If you can read this text, you don’t need a SensoCard Plus meter. But there’s too good a chance that someone in your family or a friend does.

The SensoCard Plus helps people who are blind or visually impaired by speaking out their blood glucose results. It talks.

Move than three million Americans who have diabetes are visually impaired, according to the U.S. Centers for Disease Control and Prevention. More than one-third of us have diabetic retinopathy, which can lead to blindness unless treated.

The SensoCard Plus is coming to America, but it’s not here yet. The U.S. Food and Drug Administration started its review in September, according to Bill Cunningham of Cunningham Diagnostics in Sunderland, England.

However, a company in Budapest, Hungary, named 77 Elektronika manufactures the meter. This company is not as well-known as it should be, because it sells most of its meters internationally through distributors that put their own brand names on them. “Cunningham Diagnostics is our distributor for Great Britain and United States,” according to Christian Moldoványi, 77 Elektronika’s international sales manager.

This meter is truly tiny. It’s not for nothing that they call it a card. It is almost exactly the size of a dozen of my credit cards (don’t ask why I have so many) and weighs about the same, 2.6 ounces.

This little meter has perhaps even more impressive specifications. It takes only a 0.5 microliter drop of blood and returns a result in 5 seconds. Only Abbott’s FreeStyle, Becton Dickenson’s Logic, and Medtronic MiniMed’s Paradign Link meters take less blood, and no other meter works faster.

The SensorCard Plus doesn’t just talk. Like regular meters it has a large screen display that people helping the visually impaired can use. One large button controls the meter. Its memory holds 500 tests that you can download to a PC with the help of an additional device called the LiteLink. Instead of using visual cues, you calibrate the meter’s test strips with a code card.

In my evaluation of the SensoCard Plus my main concern was the documentation. The owner’s manual is poorly written (or poorly translated from Hungarian). Of course, the meter also comes with an audio version of the manual, but it too is inadequate. “The tape needs to be ‘Americanised’ and I am in the process of doing this,” Bill tells me.

When the SensoCard Plus becomes available in the U.S., it will be a great gift for someone who needs it.

Sidebar: The Other Talkies
When the SensoCard Plus arrives in the U.S., it is likely to be less expensive than the leading alternative. In England the meter kit sells for £149 or about $260. A box of 50 test strips retail for £23.50 or about $40. The price in the U.S. hasn’t been set.

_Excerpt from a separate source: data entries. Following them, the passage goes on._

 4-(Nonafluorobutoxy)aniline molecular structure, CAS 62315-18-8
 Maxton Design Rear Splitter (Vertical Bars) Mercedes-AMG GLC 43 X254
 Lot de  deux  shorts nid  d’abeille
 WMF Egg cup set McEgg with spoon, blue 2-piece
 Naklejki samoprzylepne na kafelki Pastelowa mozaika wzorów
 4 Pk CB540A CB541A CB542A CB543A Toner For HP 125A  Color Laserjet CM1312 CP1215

Roche’s Accu-Check Voicemate is the top talking meter on the American market now. But compared to the SensoCard Plus it is bigger and heavier  —  and considerably more expensive. It retails for $500 to $600.

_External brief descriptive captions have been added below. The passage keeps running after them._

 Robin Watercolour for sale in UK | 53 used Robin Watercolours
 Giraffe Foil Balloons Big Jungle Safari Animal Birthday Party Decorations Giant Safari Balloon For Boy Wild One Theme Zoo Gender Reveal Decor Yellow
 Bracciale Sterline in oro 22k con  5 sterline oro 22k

The less well-known alternatives are the Captek/Science Products’ Digi-Voice Deluxe at $275 and Mini-DV at about $220. Both of these work only with the old LifeScan Basic and LifeScan SureStep meters.

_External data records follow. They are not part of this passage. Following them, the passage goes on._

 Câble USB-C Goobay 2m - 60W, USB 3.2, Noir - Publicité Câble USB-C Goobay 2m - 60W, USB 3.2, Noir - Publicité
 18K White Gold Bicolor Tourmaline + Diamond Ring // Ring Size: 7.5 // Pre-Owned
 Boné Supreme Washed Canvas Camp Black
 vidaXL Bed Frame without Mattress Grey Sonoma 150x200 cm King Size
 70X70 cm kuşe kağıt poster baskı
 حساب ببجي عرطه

Another Sidebar: The Prodigy Meter
Diabetes Support Program in Wellington, Florida, at (800) 799-1477, has just introduced a new talking blood glucose meter called the Prodigy. This remarkable little meter not only talks, but uses only 0.6 microliters of blood and tells your results in seven seconds.

Even more remarkable, according to President Frank P. Suess, is that the company gives away the meter to people with diabetes.

“We will replace another meter at no cost and hope that they will continue to buy our test strips,” Suess says. “The strips are $15.95 for 50, but 90 percent of our customers have some kind of insurance or Medicare or Medicaid, and we accept that.”

Taidoc Technology Corporation in San Chung, Taipei, manufactures the meter and in August 2005 obtained FDA 510(k) clearance to market it in the United States. Taidoc private labels the Prodigy for Diabetes Support Program, which has exclusive rights to sell it in the United States.


by David Mendosa

This article originally appeared in Diabetes Health, March 2006, page 52.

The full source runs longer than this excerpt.